• **THE TASK**
Output only the lines below from the one holding "Make sure to" down to the one holding "These specific guard", both end lines included and every picture dropped.

• **DATA EXTRACT**
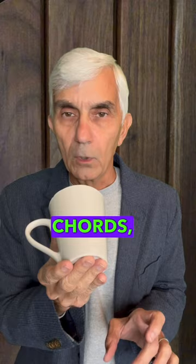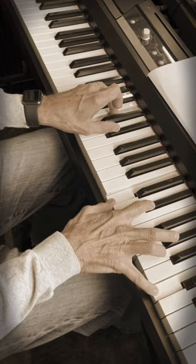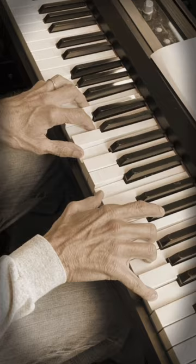Good. Now slow it down, bring your left hand up and just play single chords, and in the right hand, play broken chords. There you go.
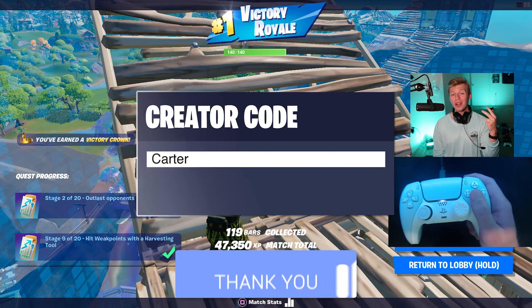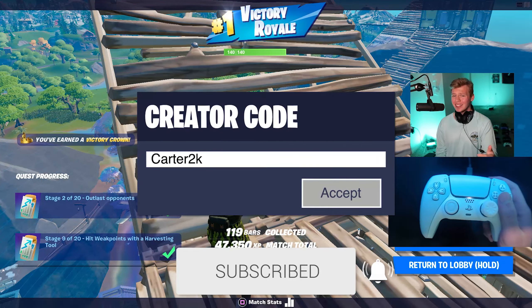Make sure to like and subscribe. You can use code CARTER2K in the Fortnite item shop if you want, and I hope to catch you guys in my next video.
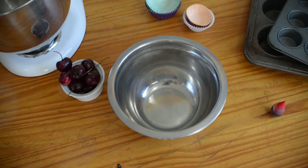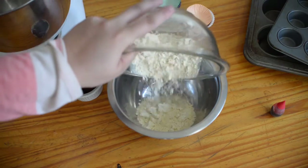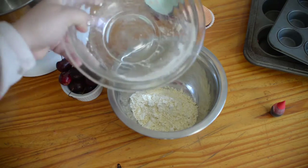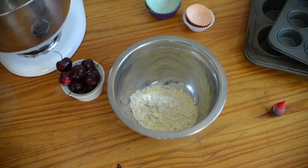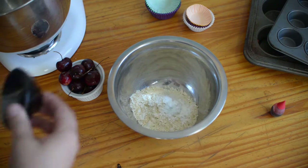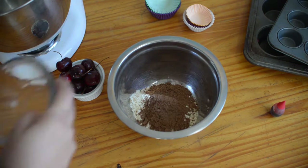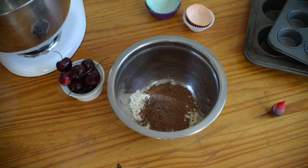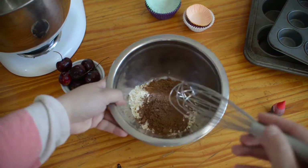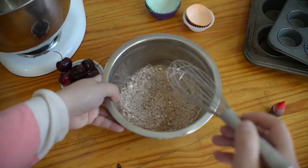Now we're going to be mixing our batter. The first thing we're going to do is mix our dry ingredients. I'm adding the flour that I already mixed with the xanthan gum, the baking powder and baking soda, and the cocoa powder. The only thing we're going to be leaving out of this mix for now is the sugar. Just mix it all and set it aside.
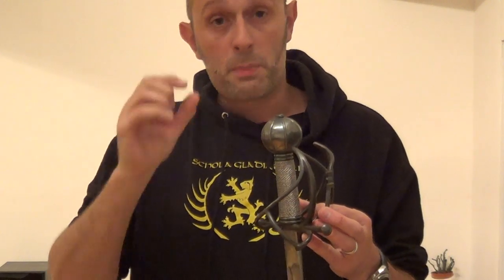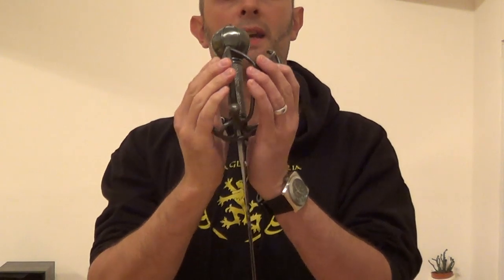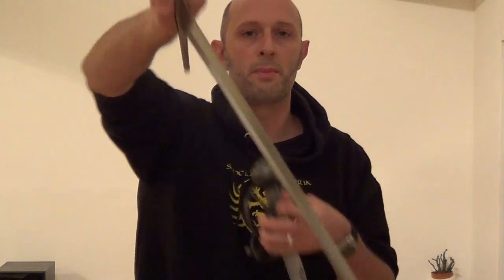These specific guard positions seem to have come about in Britain largely thanks to the basket hilt, because if for example you have a medieval sword, holding it like that doesn't make an awful lot of sense because your hand is going to be very, very vulnerable a lot of the time.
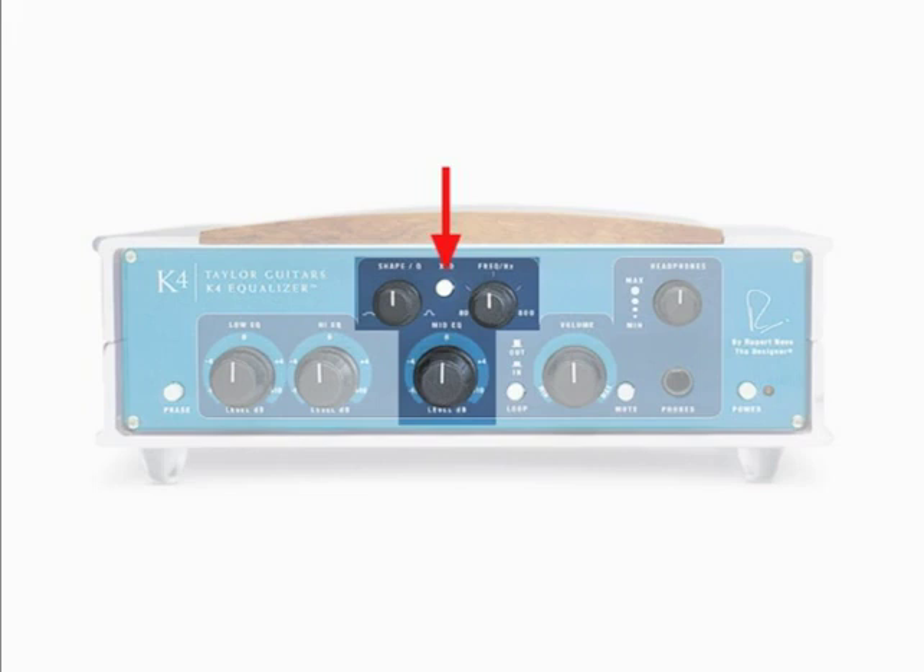When they're in their center detent position, they're effectively out of the circuit and you get a true flat response. Think of the low and high controls as your primary EQ circuit for the K4. The center section of the K4 is the mid-frequency section with three knobs clustered around a center button. On the upper right-hand side, you see the frequency select control, which can choose frequencies from 80 Hz to 800 Hz with the button in the out position.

• **EXERCISE OUTPUT**
Make sure to like and subscribe. You can use code CARTER2K in the Fortnite item shop if you want, and I hope to catch you guys in my next video.
Now we're going to be mixing our batter. The first thing we're going to do is mix our dry ingredients. I'm adding the flour that I already mixed with the xanthan gum, the baking powder and baking soda, and the cocoa powder. The only thing we're going to be leaving out of this mix for now is the sugar. Just mix it all and set it aside.
These specific guard positions seem to have come about in Britain largely thanks to the basket hilt, because if for example you have a medieval sword, holding it like that doesn't make an awful lot of sense because your hand is going to be very, very vulnerable a lot of the time.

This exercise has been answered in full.